For a minute, I thought I could lighten the mood, by mentioning the weekly Safety Talk on KHNS and how Al has reminded us to never throw a match in a waste basket full of paper, or toss an anchor over without making sure the anchor-line is attached and cleated— and even how, when we are traveling, to make sure we leave our wallet and shoes by the hotel room door in case there is a fire and we need to crawl out in the dark, quickly. (Which is why I can’t sleep in hotels…)
But then longtime fire department volunteer and chief Scott Bradford illustrated Al’s dedication to his calling—and I would say helping people in distress is Al’s calling—by noting how Al was the best man at his wedding 20 years ago, but a plane crashed on a glacier that morning, so they postponed the ceremony until Al returned later in the day. Scott didn’t say what Al had seen and done on that call before standing up for him on the happiest day of his life, and making sure he gave a toast and added to the joy.--- Bodies in a wreck. Grieving airline workers. Family. Other responders --who knows? It doesn’t take much to imagine the scene. That’s what Al has carried for us for 27 years. It’s very heavy.
When it was Al's turn to speak, he thanked everyone for coming to the party and assured us that he is only one small part of a larger 50-person department and that we are good in hands. We know that. But when he said the reason we like him so much is because he’s been around so long, Al was the only one in room who believed it.
Then he said that most of the ambulance calls turn out okay, or may be the result of an expected problem— but that some don’t. And his face crumpled a bit, and he cleared his throat, and quietly thanked his wife for being there in the hours after those harder calls, and we gave him a standing ovation.

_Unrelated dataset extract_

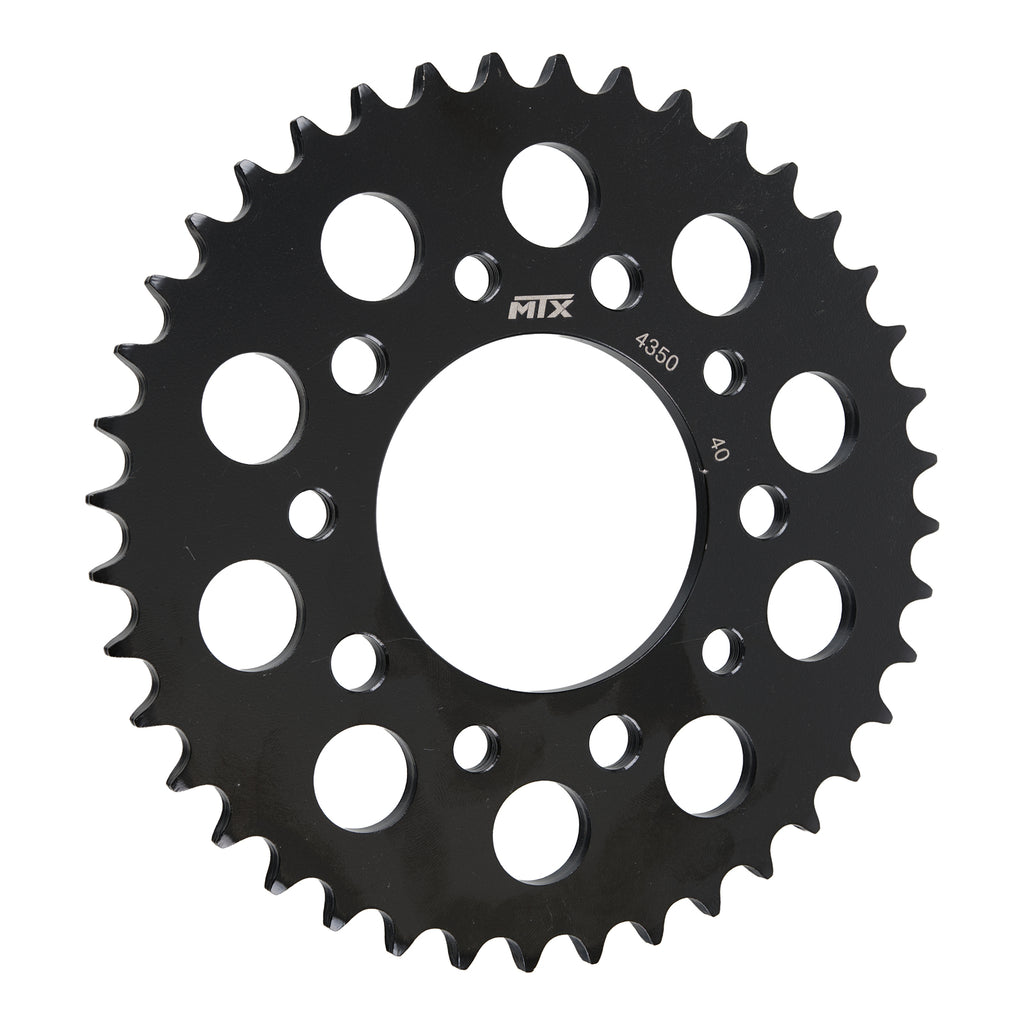 MTX 1332 Steel Rear Sprocket #525 (11-MW3)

Some people of faith say that God doesn’t give us more than we can handle. I don’t believe God inflicts pain. If I did I wouldn’t go to church. I believe that God will not leave us comfortless. The face on what that kind of grace looks like for all of my adult life, has been Al’s. He saved my life once. But he has made it better many, many times. I don’t think thank you is enough. But what else can I say?